CIA director to brief key Senators behind closed doors about Khashoggi killing
CIA Director Gina Haspel on Tuesday will brief a key group of senators behind closed doors on the details of the agency’s assessment that the Saudi crown prince likely ordered the killing of journalist Jamal Khashoggi, just days before the Senate is expected to begin debating a resolution to withdraw support for the Saudi military campaign in Yemen.
The briefing will be just for Senate leaders and the heads of national security committees seen as having a national security interest in Saudi policy regarding Yemen and the intelligence surrounding Khashoggi’s killing, according to multiple people familiar with plans.
Bipartisan leaders from the Senate Foreign Relations Committee, the Senate Armed Services Committee, the Senate Intelligence, and the Appropriations subcommittees that fund the State and Defence departments are expected to be included. The plan for the briefing was first reported by the Wall Street Journal.

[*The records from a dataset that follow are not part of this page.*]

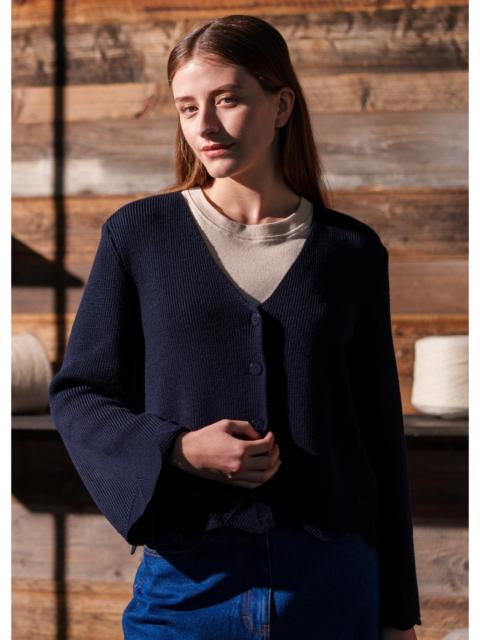 SAINT JAMES LES MENUIRES Cardigan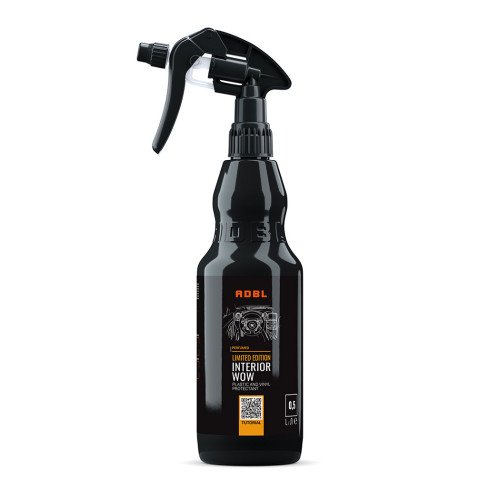 Dressing Plastice Auto ADBL Interior Wow Limited Edition, 500ml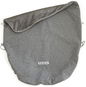 Pinkie Deka se stahováním Grey Quilt II. - Deka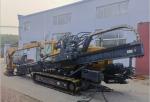 used 45ton hdd machine, used 45ton hdd rig, used XCMG XZ450 horizontal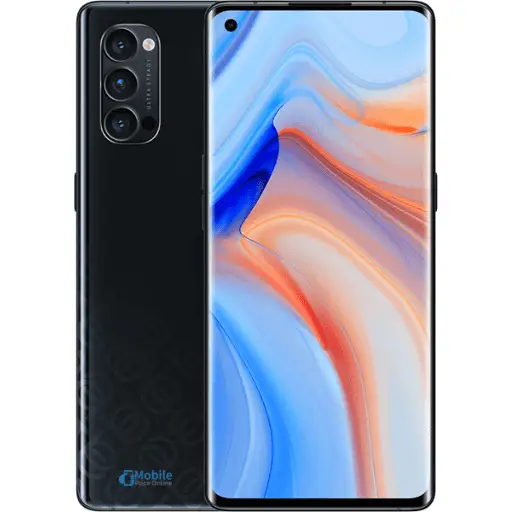 Oppo Reno4 Pro 5G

Republican and Democratic senators alike have been demanding to hear from Haspel, who was noticeably absent last week from a similar, all-senators briefing with Secretary of State Mike Pompeo and Defence Secretary Jim Mattis. Senators complained that the Trump administration was depriving Congress of key information about the killing of Khashoggi, a Washington Post contributing columnist, by refusing to order Haspel to go to the Hill and explain the CIA’S assessment that Saudi Crown Prince Mohammed bin Salman likely was responsible.
Some senators blamed the White House for barring Haspel’s participation, prompting CIA spokesman Timothy Barrett to declare that nobody had told Haspel not to appear.

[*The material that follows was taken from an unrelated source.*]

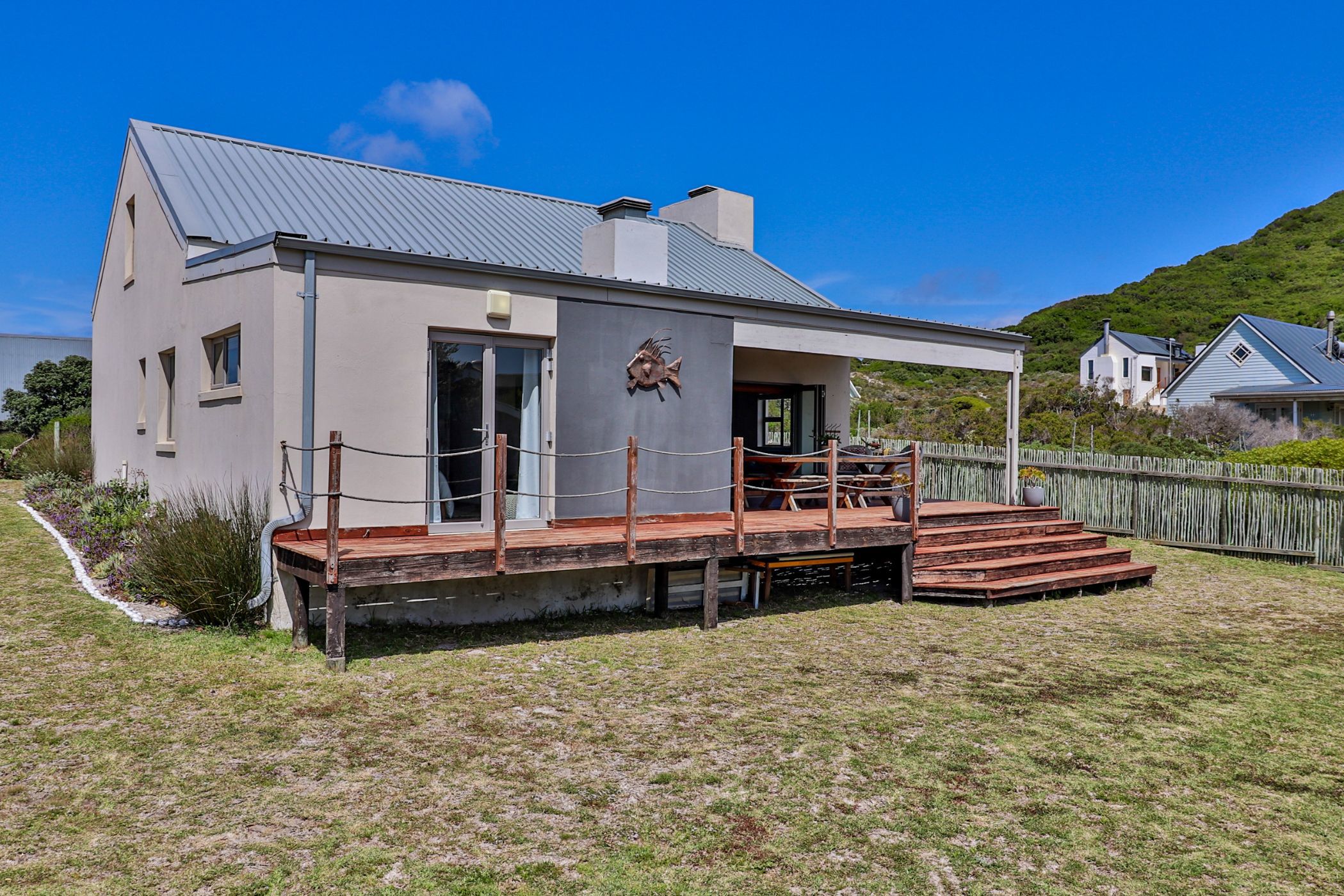 3 Bedroom House For Sale Bettys Bay KN1648740 Pam Golding Properties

But the furor was so serious that even Sen. Lindsey Graham, R-S.C., a close confidante of President Trump’s, said he would refuse to support “any key vote” until Haspel came to the Hill to speak to lawmakers. As the senior Republican on the appropriations panel for the State and foreign operations, Graham will be part of the briefing.
Last week, the Senate took the historic step of voting to take up a resolution, spearheaded by Sens. Bernie Sanders, I-VT., and Mike Lee, R-utah, to end American support for the Saudi-led coalition fighting Houthi rebels in Yemen, where humanitarian conditions have reached a crisis level.

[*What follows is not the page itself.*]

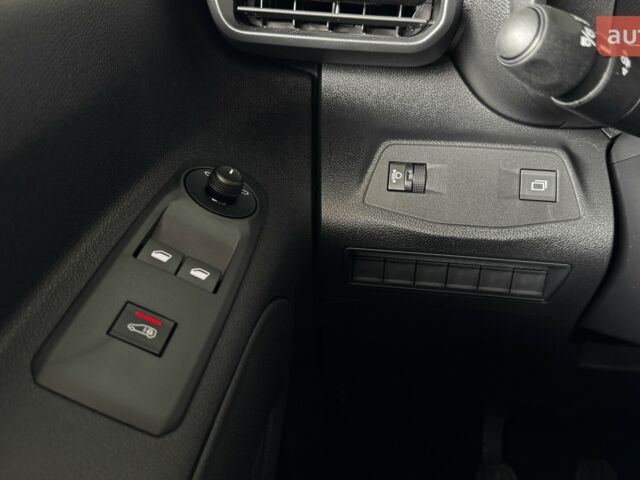 Тойота Proace City, объемом двигателя 1.5 л и пробегом 0 тыс. км за 25465 $, фото 27 на Automoto.ua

For some of the 14 Republicans who supported the opening procedural step last week, the vote was intended as a warning shot to Trump, to inspire him to start openly condemning Mohammed or withholding military support. Haspel’s briefing may placate some of those senators.
But it is not expected to deter Senate Democrats or the handful of Republicans who believe Saudi Arabia should be rebuked from supporting the Yemen resolution past its next procedural step, a vote that expected to take place in the next few days.